The big story for print media these days is circulation decline but something else piqued my interest in the presentation of the most recent figures from the Audit Bureau of Circulations of South Africa (ABC) - for the second quarter of this year. It's the devastating tale of "media inflation" or, broadly speaking, the cost of reaching consumers by buying adverts in the media.
Using data from the first quarter of 2012 compiled by Ibis Media Data Services, Gordon Patterson, MD of Starcom MediaVest Group and ABC vice president, said in the presentation (my notes in brackets):
  • Media inflation is running at more than twice the expected South African CPI rate of 6%.
  • Media delivery (performance in terms of print circulation, radio listenership and TV viewership) has dropped by 2.3% while (advertising) rates charged have increased by 10.4%.
  • Value (Media Inflation Watch or MIW, that is, performance versus the ad rates) has decreased by 14.7% - last seen in 2008.
When it comes to inflation for the print media, Patterson (using the Ibis Q1 figures once again) said:
  • While print-rate increases have generally been reasonable, the ongoing circulation declines continue to undermine the value offered.
  • Daily newspapers have performed poorly, delivering 16% less value than a year ago. (Ad rates for the dailies on average grew by 4.8% while circulation year-on-year dropped by 9.1%).
What this essentially means is that because of circulation decline, many newspapers are asking more (of advertisers as they put their ad rates up) for delivering less... and you can bet this is not going unnoticed with the media planners, who work to get the most out of media for their clients.

Getting more targeted

However, Mike Leahy, originator and owner of Ibis Media, points out that if a title's circulation is declining it doesn't necessarily follow that its advertising value is declining by the same proportion. The title may in fact be getting more targeted in terms of audience.

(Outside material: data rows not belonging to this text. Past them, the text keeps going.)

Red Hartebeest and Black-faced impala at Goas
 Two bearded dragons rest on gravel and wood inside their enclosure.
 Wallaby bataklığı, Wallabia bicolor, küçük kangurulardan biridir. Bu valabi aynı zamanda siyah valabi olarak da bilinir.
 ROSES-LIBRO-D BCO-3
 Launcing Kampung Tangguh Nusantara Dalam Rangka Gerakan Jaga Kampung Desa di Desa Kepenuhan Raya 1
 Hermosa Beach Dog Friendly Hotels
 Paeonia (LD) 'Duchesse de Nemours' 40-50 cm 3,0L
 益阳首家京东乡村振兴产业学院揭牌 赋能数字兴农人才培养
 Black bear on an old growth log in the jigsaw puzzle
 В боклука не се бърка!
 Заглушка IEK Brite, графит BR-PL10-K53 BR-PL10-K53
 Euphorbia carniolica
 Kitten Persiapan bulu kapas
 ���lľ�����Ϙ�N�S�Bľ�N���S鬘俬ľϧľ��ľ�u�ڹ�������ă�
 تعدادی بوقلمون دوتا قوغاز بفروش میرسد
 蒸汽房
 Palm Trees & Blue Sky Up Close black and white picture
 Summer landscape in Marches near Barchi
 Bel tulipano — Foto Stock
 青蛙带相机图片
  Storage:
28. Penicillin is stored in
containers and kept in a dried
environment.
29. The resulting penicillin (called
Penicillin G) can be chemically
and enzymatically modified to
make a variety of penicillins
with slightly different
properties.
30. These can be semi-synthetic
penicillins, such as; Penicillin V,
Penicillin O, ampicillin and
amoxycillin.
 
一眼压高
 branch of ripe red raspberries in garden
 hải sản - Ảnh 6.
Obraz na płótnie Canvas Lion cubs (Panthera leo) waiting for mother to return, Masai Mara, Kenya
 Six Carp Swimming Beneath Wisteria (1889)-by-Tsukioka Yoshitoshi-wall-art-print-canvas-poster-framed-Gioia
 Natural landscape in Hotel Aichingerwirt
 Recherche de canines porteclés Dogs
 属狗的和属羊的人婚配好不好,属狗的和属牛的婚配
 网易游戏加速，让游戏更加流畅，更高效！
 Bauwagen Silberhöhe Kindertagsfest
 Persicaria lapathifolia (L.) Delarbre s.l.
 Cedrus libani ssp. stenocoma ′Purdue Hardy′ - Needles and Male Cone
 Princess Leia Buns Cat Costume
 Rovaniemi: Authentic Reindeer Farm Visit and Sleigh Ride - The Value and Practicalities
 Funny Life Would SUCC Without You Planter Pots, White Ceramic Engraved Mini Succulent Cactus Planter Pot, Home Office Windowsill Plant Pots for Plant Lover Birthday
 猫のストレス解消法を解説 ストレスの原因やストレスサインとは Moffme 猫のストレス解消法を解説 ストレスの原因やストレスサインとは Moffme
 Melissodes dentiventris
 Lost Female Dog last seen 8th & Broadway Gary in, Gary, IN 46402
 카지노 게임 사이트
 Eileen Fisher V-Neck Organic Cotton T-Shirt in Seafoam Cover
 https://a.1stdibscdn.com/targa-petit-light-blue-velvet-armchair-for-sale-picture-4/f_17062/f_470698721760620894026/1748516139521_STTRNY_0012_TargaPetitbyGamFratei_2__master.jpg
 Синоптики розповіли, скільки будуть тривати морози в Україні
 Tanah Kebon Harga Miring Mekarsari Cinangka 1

"Sometimes a lower circulation that is matched up with other factors can mean a better advertising buy," he says. "All publications are niche publications so if you're getting more of the niche that you want it may mean that, if the rates are held at a reasonable level, the value could be better.

"If there was one easy answer to declining circulation, then print-media owners would have fixed it but there's a lot more to this," says Leahy, pointing to six key drivers behind circulation decline:
  1. There are simply more titles around - especially magazines and including imported titles - and, therefore, there are fewer people per title than before. This can offer more targeted advertising but it also means more expensive advertising as smaller publications do not have the economies of scale that big titles do.

  2. Distribution policies: some of the bigger titles have intentionally cut back on distribution (especially to far-flung areas) to bring costs down.

  3. Cover-prices increases in South Africa have outpaced the consumer price index and some consumers will have stopped or cut back in frequency the buying of newspapers.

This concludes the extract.